I think Trigg gets to the heart of the matter with Rorty, here. His relativism undercuts, undermines the very possibility of rationality and philosophy itself--and with that gone, what can philosophy be but "a series of cultural stances?"


Karl Higley said...

Your interlocutor's last line comes so close to getting it and just misses:

[Rorty's] relativism undercuts, undermines the very possibility of rationality and philosophy itself--and with that gone, what can philosophy be but "a series of cultural stances?"

I suspect Rorty would agree with this: philosophy IS but a series of cultural stances, and nothing need be removed to make it so. That philosophy is a kind of cultural politics does not make it a necessarily useless way of talking. Hopefully, though, recognizing it as a series of cultural stances also raises awareness of the particular usefulness of speaking in a philosophical way.

Rather than asking "Is philosophy useful?", the question becomes "What is it useful for?"

Jeff Meyerhoff said...

Hi Karl,

I guess it depends on what a "cultural stance" is. It's being used pejoratively by the philosopher, but is could mean a well developed, more than less coherent, interconnected and grounded in a line of thought within that culture which is a part of that culture's contemporary debate about goals and means for society. Rorty's relativism is not that all cultural stances are equal, it's that the above definition is all we all have.

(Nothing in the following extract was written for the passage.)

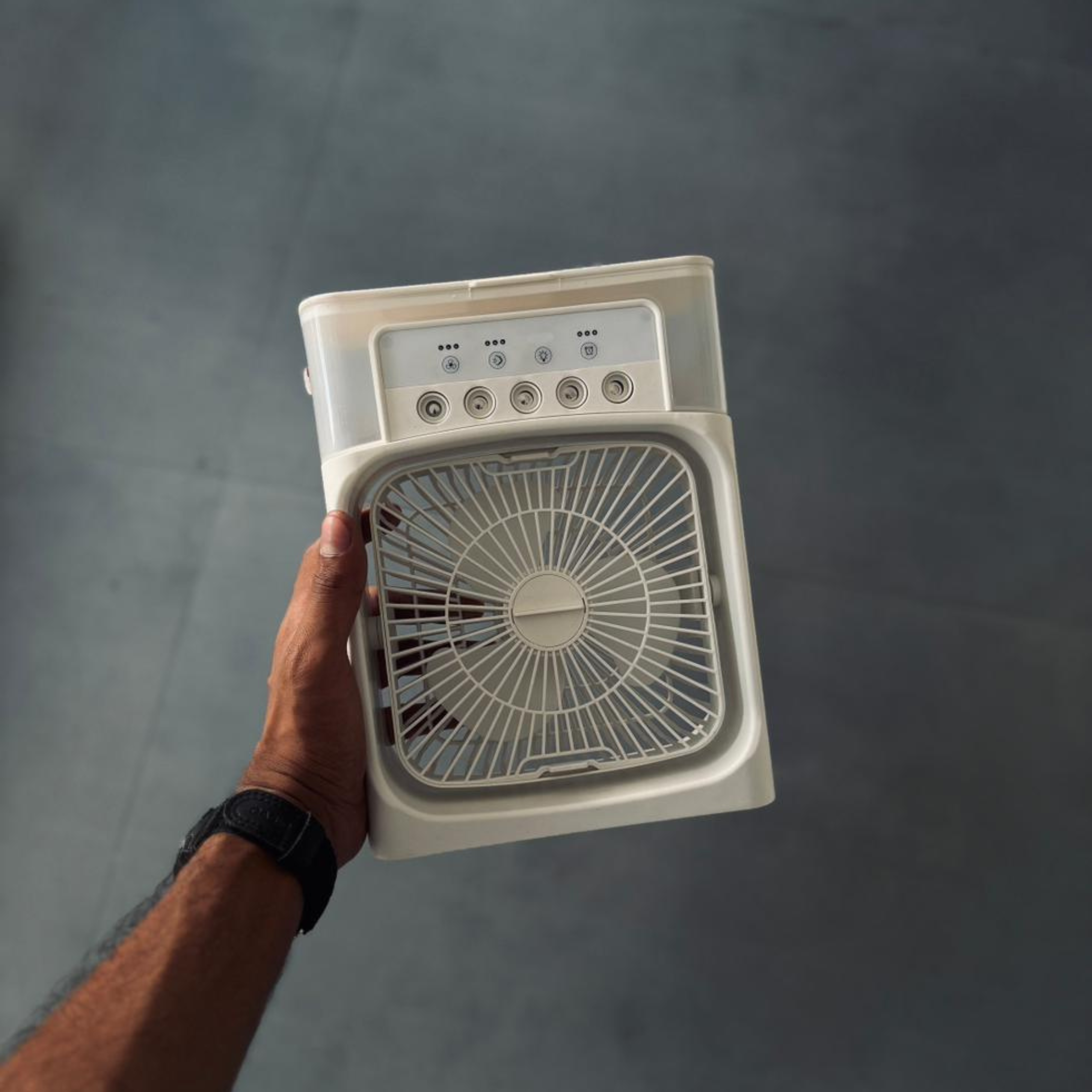 Mini Cooling Fan with Water Tank & Mist Spray | Portable Air Cooler USB Rechargeable – Pwolimarket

I think we'd ask: what are our goals?, what is useful for attaining those goals?, and is philosophy useful for attaining them?

Karl Higley said...

I've been thinking along similar lines: perspectivalism without reference to a transcendent something or other still leaves room for distinctions around coherence, well-developedness, interconnection, and so forth. Of course, those judgments are themselves perspectivally enacted and culturally contextual, but that doesn't make them any less actionable.

From that point of view, I really like your three questions.